(Image-caption web data)
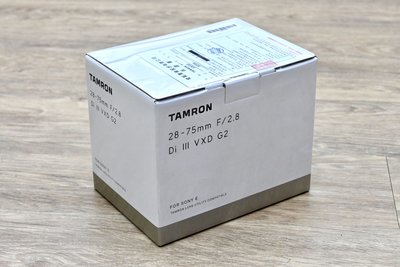 萬佳國際 免運費 加碼送日本製kenko保護鏡Tamron 28-75mm F/2.8 Di III VXD G2 A063 For Sony 門市近西門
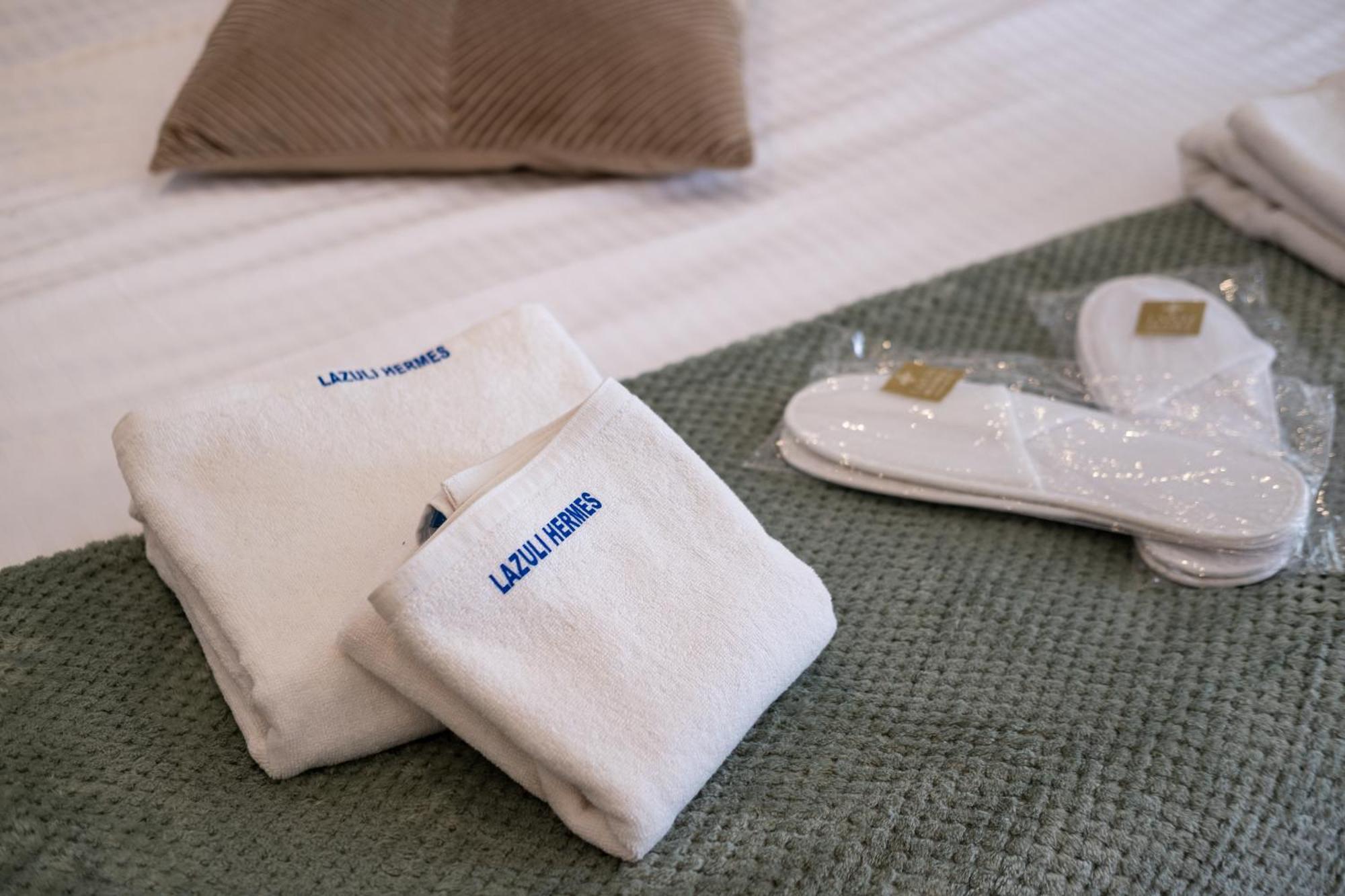 Lazuli Hermes Apartments Lárnaka Kültér fotó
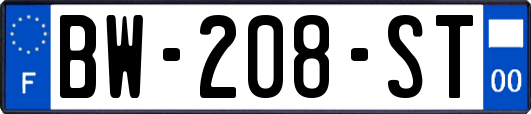 BW-208-ST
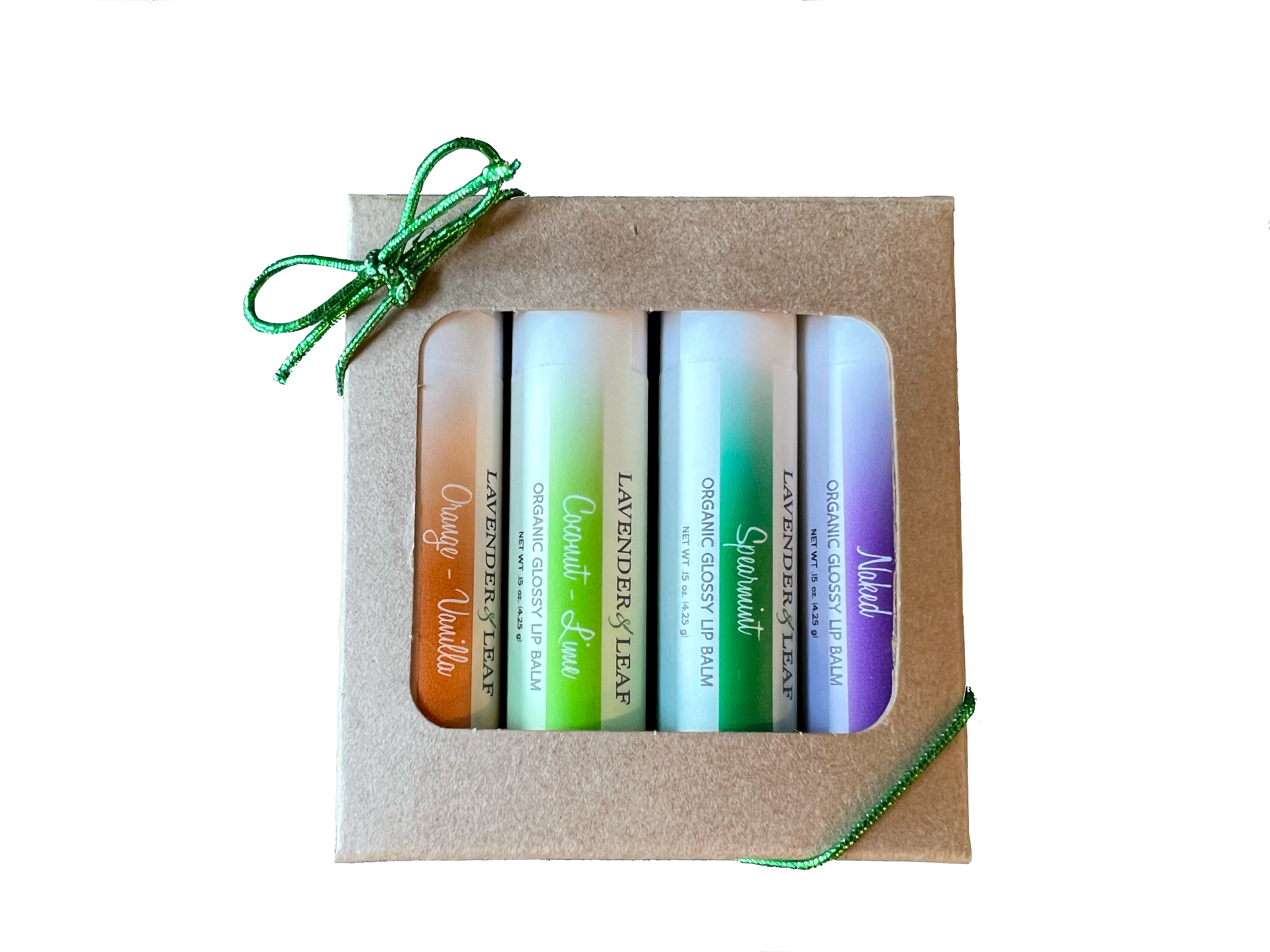 Lip Balm Gift Box (holds 4 tubes)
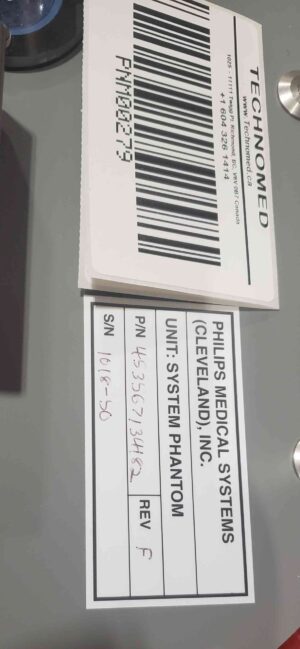 Philips Extended Phantom Performant Kit Philips Extended Phantom Performant Kit Nuclear Medicine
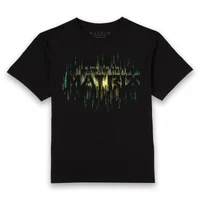 Matrix Glitch In The Matrix Unisex T-Shirt - Black - undefined undefined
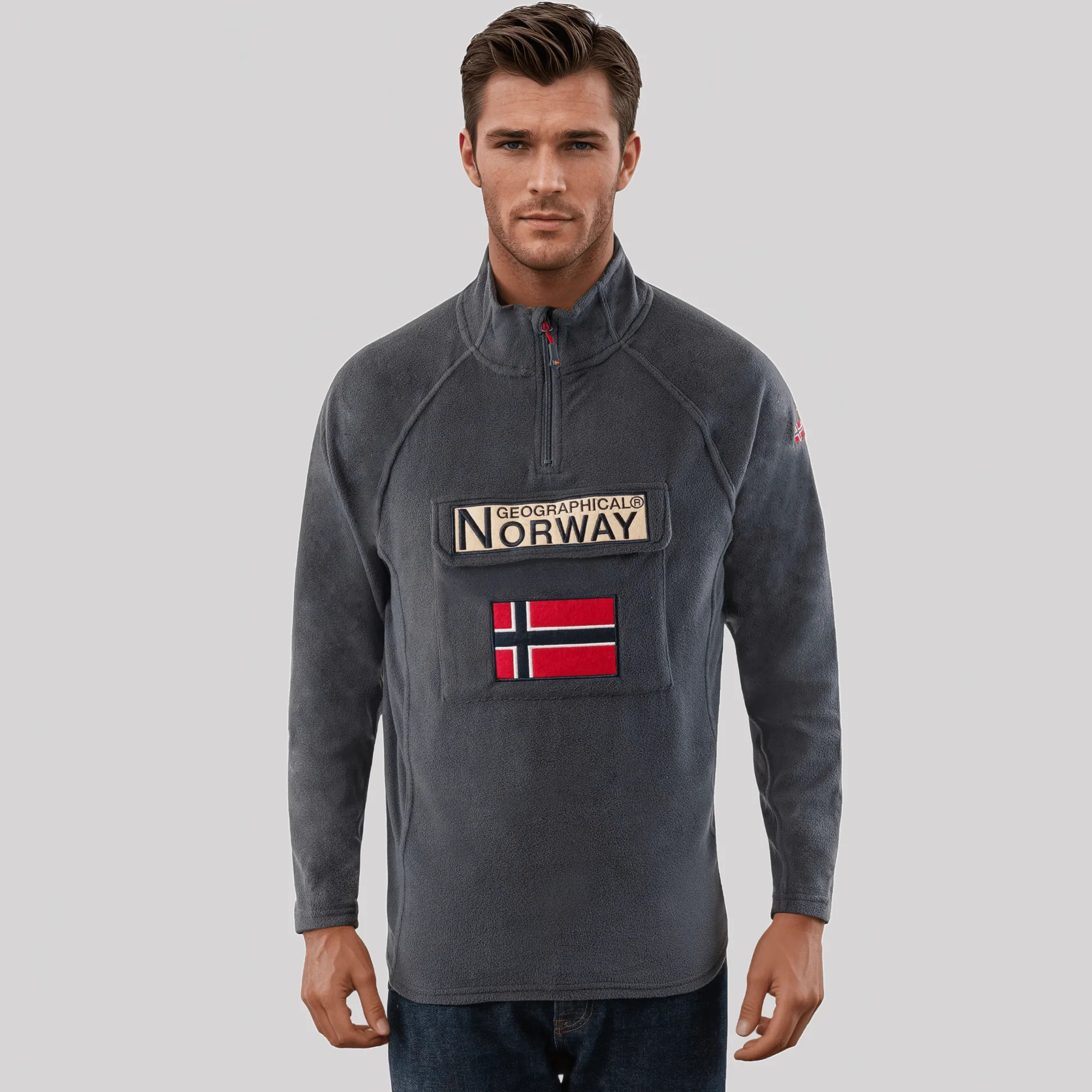 Geographical Norway TYMCLASS HZ Homme - Sweatshirt - Image 3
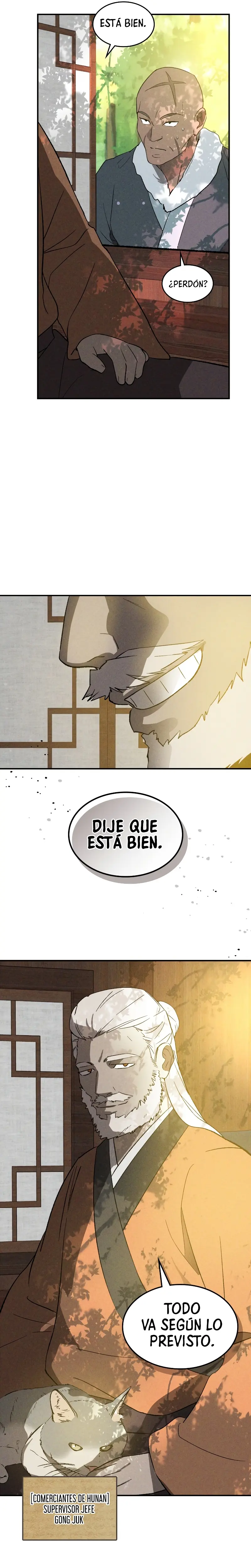 Crónicas del Retorno del Dios Marcial Capitulo 117 página 12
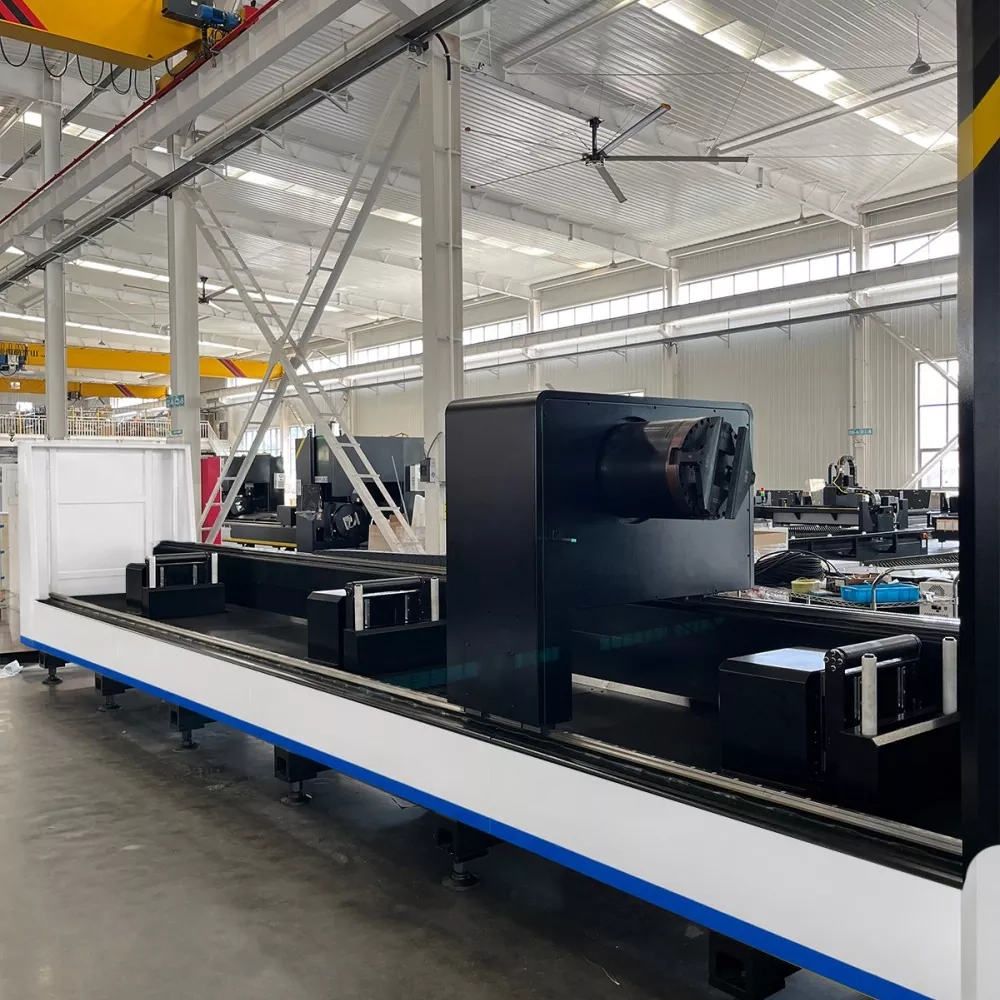 Heavy-Duty Three-Spindle Laser Pipe Cutting Machine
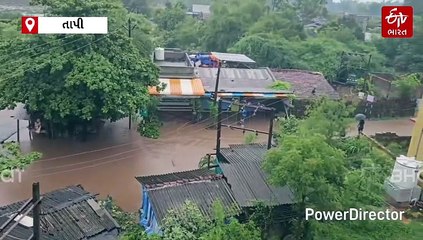 તાપી જિલ્લા પર મેઘરાજા મહેરબાન : ઉકાઈ ડેમની સપાટી 315.82 ફૂટ થઈ, ચારેકોર હરીયાળી છવાઈ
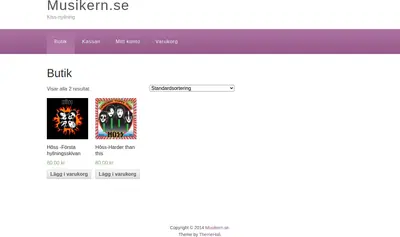 Musikern startsida 2014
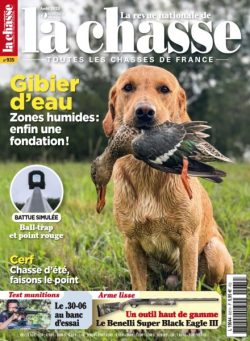 La Revue nationale de La chasse – Aout 2025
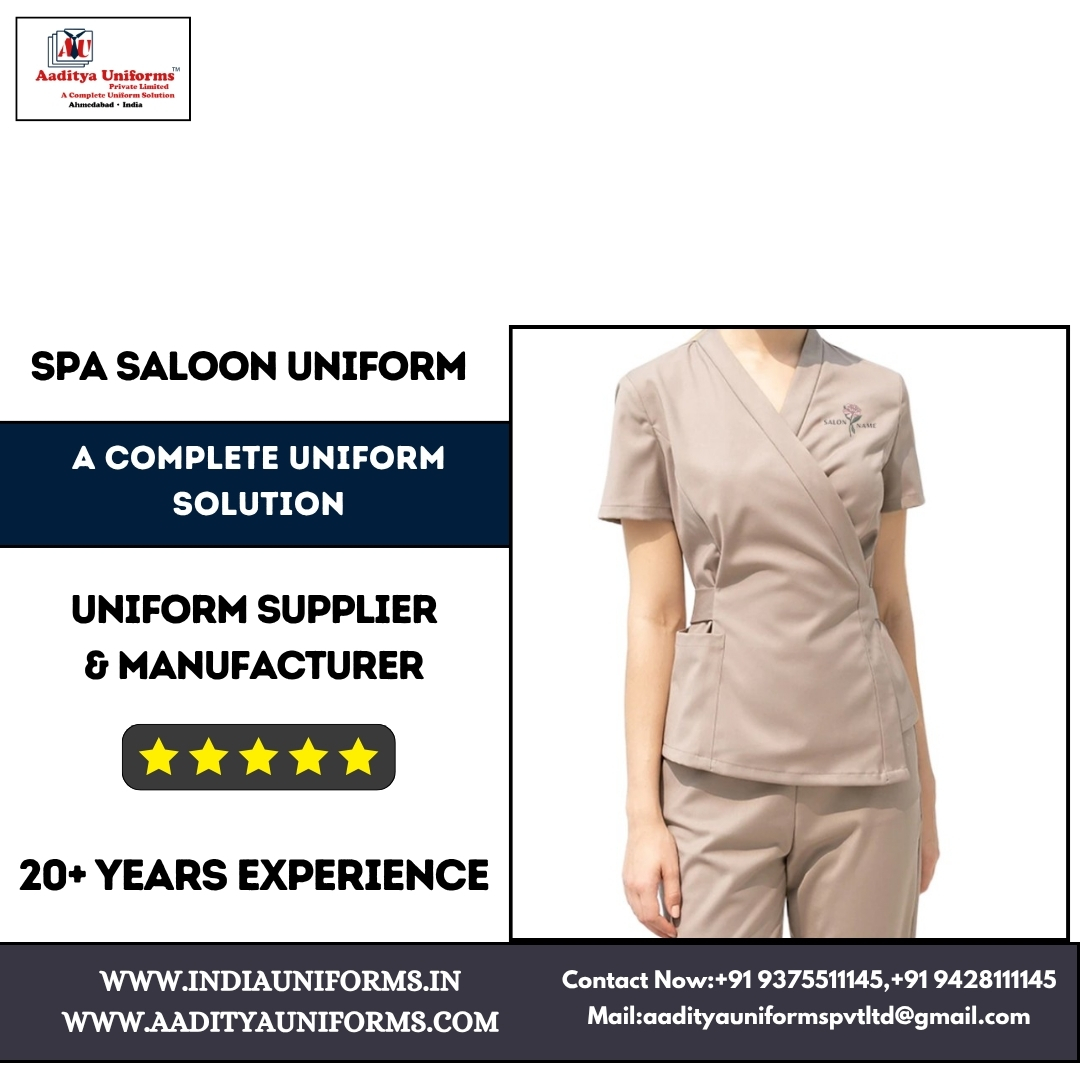Aadityauniform's tweet image. Spa Saloon Uniform  Available At Aaditya Uniforms

#SpaUniform
#SalonUniform
#BeautySalonWear
#SpaStaffStyle
#WellnessWear
#ProfessionalLook
#ComfortAndStyle
#SalonFashion
#WorkWearDesign
#aadityauniforms
#ahemdabad
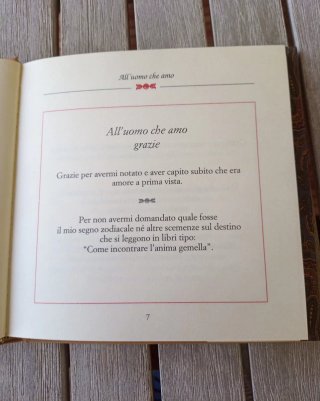 All'uomo che amo Grazie per essere mio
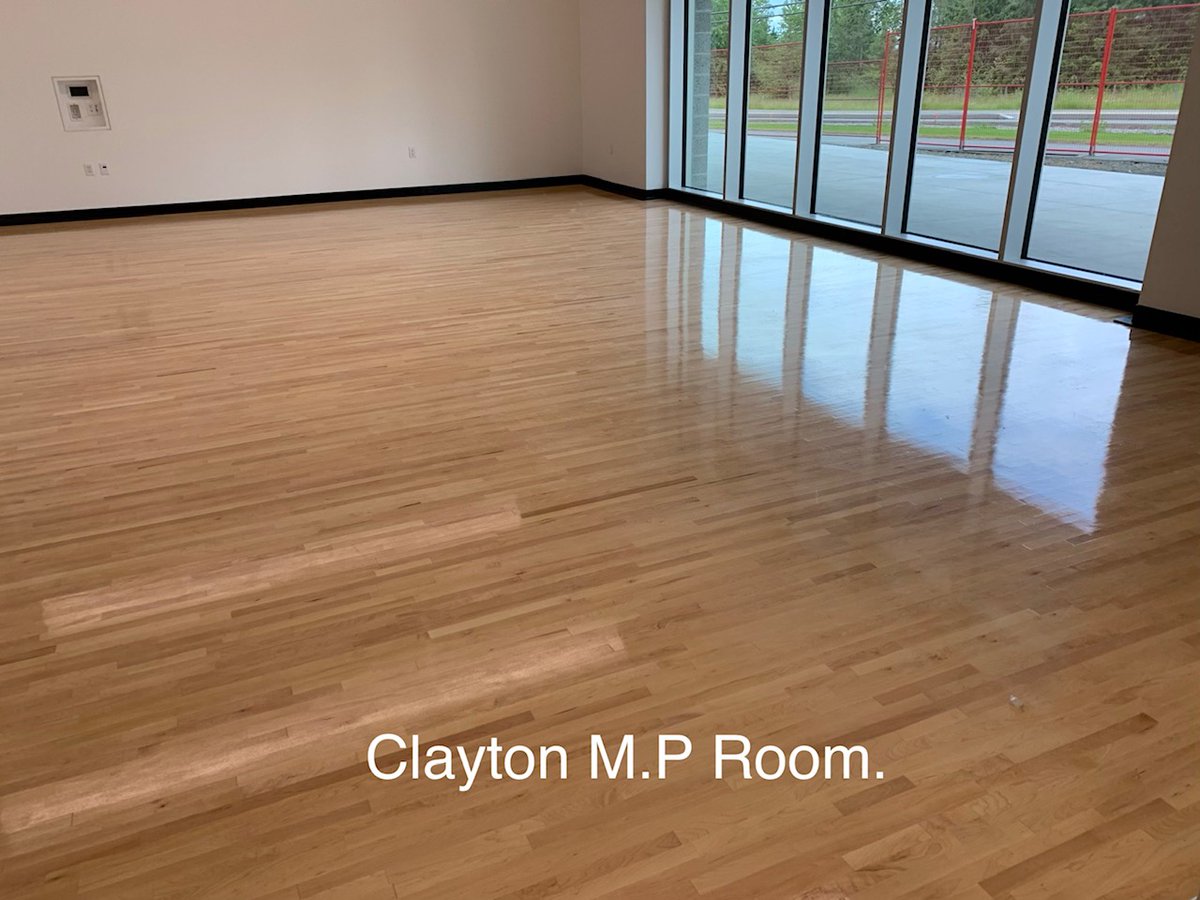 CentaurNation's tweet photo. New Clayton Community Centre! - Facility has: @RobbinsSurfaces Bio-Channel Classic Gym Floor, Bio-Channel Star (w/ 3.25" Maple) Fitness studio,  Bio-Cushion (w/ Black Walnut Stain) Rehearsal Hall, @ForumAthletic Bball Equip. &amp; Qued Centre Roll Curtains #sportsflooring #mfma https://t.co/E84EoD5ZOY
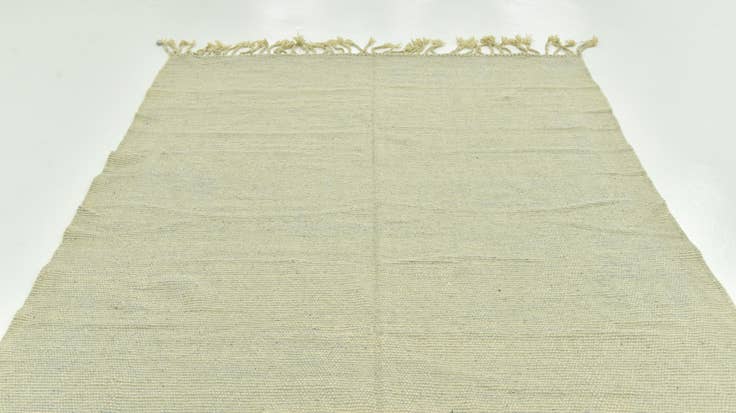 Detail image of 7' 8 x 10' 6 Hand Knotted Moroccan Wool Rug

WHAT YOU NEED TO DO
Leaving out the pictures, print exactly and only the lines from the one containing "તાપી જિલ્લા પર" through the last line of the records.

RESPONSE
 તાપી જિલ્લા પર મેઘરાજા મહેરબાન : ઉકાઈ ડેમની સપાટી 315.82 ફૂટ થઈ, ચારેકોર હરીયાળી છવાઈ
 Musikern startsida 2014
 La Revue nationale de La chasse – Aout 2025
Aadityauniform's tweet image. Spa Saloon Uniform  Available At Aaditya Uniforms

#SpaUniform
#SalonUniform
#BeautySalonWear
#SpaStaffStyle
#WellnessWear
#ProfessionalLook
#ComfortAndStyle
#SalonFashion
#WorkWearDesign
#aadityauniforms
#ahemdabad
 All'uomo che amo Grazie per essere mio
 CentaurNation's tweet photo. New Clayton Community Centre! - Facility has: @RobbinsSurfaces Bio-Channel Classic Gym Floor, Bio-Channel Star (w/ 3.25" Maple) Fitness studio,  Bio-Cushion (w/ Black Walnut Stain) Rehearsal Hall, @ForumAthletic Bball Equip. &amp; Qued Centre Roll Curtains #sportsflooring #mfma https://t.co/E84EoD5ZOY
 Detail image of 7' 8 x 10' 6 Hand Knotted Moroccan Wool Rug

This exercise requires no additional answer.